2) « La métathéâtralité dans l’Assemblée des femmes »
3) « Les Femmes, ces hommes pires que les autres : obscénité et politique dans l’Assemblée des femmes »
« Les femmes, ces hommes pires que les autres : obscénité et politique dans l’Assemblée des femmes »
Prise de notes suite à l’intervention de Anne de Crémoux, maîtresse de conférences de langue et littérature grecques, université de Lille (PNF Rendez-vous de l’Antiquité 2024), vendredi 22 mars 2024
Questions problématiques :
* Comment appréhender l’obscénité d’Aristophane avec des yeux antiques ?
- Les rites et cultes, notamment autour de Dionysos et Démeter, tolèrent la présence de cette obscénité (cf les processions phalliques représentées sur les vases).
- La poésie iambique, tournée vers le blâme, comportent des passages obscènes (cf VIIe siècle, Archiloque étrillant ses ennemis qui se suicidaient à cause de ses iambes).
- La farce dorienne ou mégarienne
- Les petits spectacles de théâtre représentés dans la Grande Grèce qui auraient eu un contenu grossier voire obscène.
- Une interprétation optimiste : les femmes représenteraient un retour à l’abondance, s’y jouerait une célébration du corps, en contraste avec la situation de guerre.
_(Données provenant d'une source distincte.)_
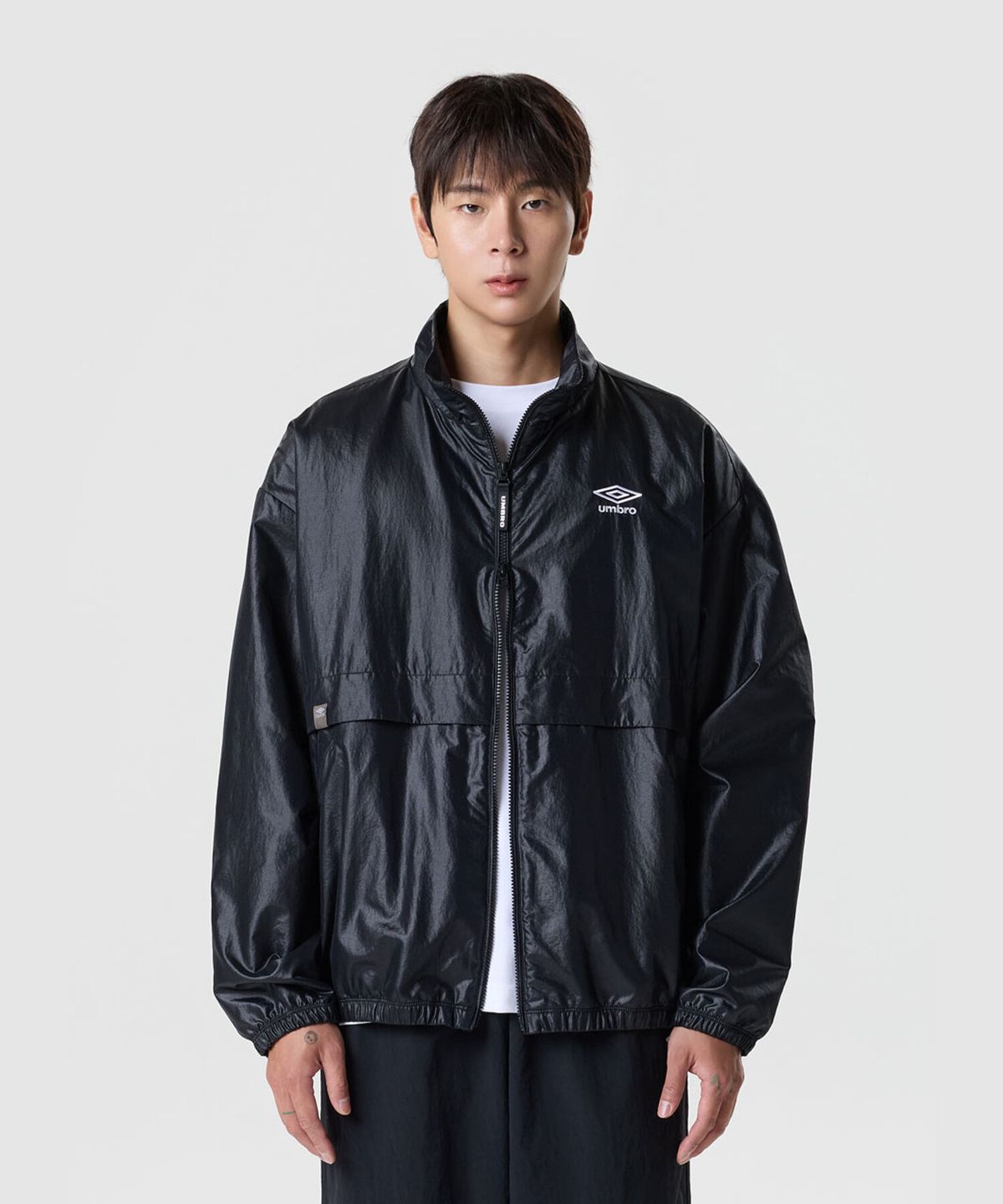 엄브로(UMBRO) 클래식 스탠넥 웜업 바람막이 자켓 블랙 유광 UR321CJK93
Des problèmes d’approvisionnement en blé et en céréales ont dû avoir lieu durant la guerre de Corinthe. D’une certaine manière, les femmes proposent une sorte de réarmement démographique.
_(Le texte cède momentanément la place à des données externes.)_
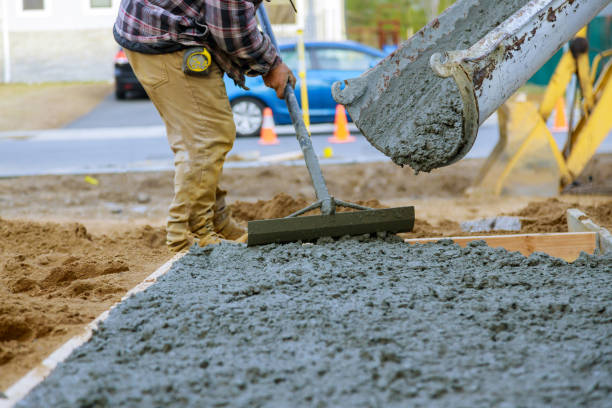 Best Concrete Contractor Near Me  in Minerva Park, OH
- Pour Jeffrey Henderson, l’idée égalitariste de Praxagora ne conduit pas au salut de la cité, mais bien à sa perte. Les obscénités montrent que la fantaisie ne marche pas, contrairement à d’autres pièces où l’obscénité est vue comme fantastique. Ici elle est violente. L’une des composantes de l’ironie d’Aristophane, fondée sur l’obscénité, consiste à montrer le fossé entre le plan rêvé et sa réalité. Les personnages n’ont pas d’opposants à leur projet, qui ne fait pas l’objet de débat. Au moment où le débat devrait structurellement se tenir, la scène de Blépyros qui défèque est présentée. L’obscénité sert de mise en garde à la mise en œuvre de certains plans.
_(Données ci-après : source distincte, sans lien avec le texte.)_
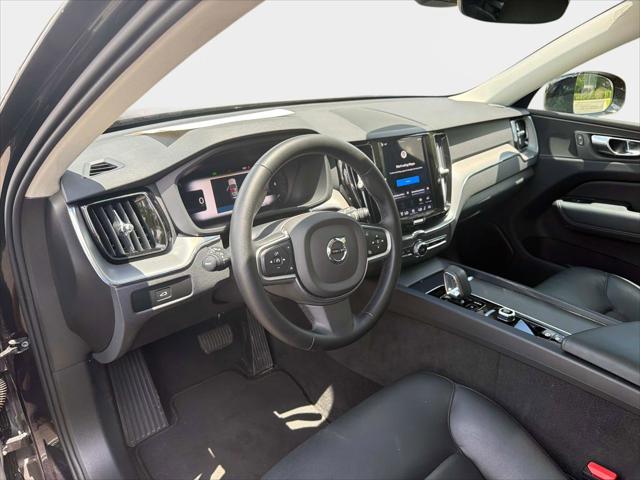 2025 Volvo XC60 B5 Core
- Pour Suzanne Saïd et Malika Bastin-Hammou, l’obscénité qualifie la cité déjà existante et reflète sa corruption, le triomphe de la politique du ventre (cf les « citoyens-ventres » dans les Travaux et les Jours d’Hésiode). Elles commentent le mot valise final qui mélange tout et mime l’excrément. C’est une bouillie qui annule toute distinction. La pièce montre une comédie humaine au dernier stade de sa dégradation. La confusion totale incite à l’égoïsme et aux intérêts particuliers.
- Pour Charalampos Orfanos, l’Assemblée des femmes revêt une grande dimension métathéâtrale. Avec les moyens du théâtre, les costumes, les déguisements, le poète confronterait la règle selon laquelle les citoyens mâles participeraient à l’assemblée et le lieu commun des hommes corrompus qui ressembleraient à des femmes. Il établirait une correspondance entre la prise de pouvoir par les femmes et les « femmelettes » au pouvoir à Athènes. Lors de la scène du travestissement, Praxagora se déguise en beau jeune homme (vv.427-429), en écho avec l’idée selon laquelle l’orateur est un vendu, une prostituée (vv.110-114). Les distinctions de genres et d’âge s’effacent.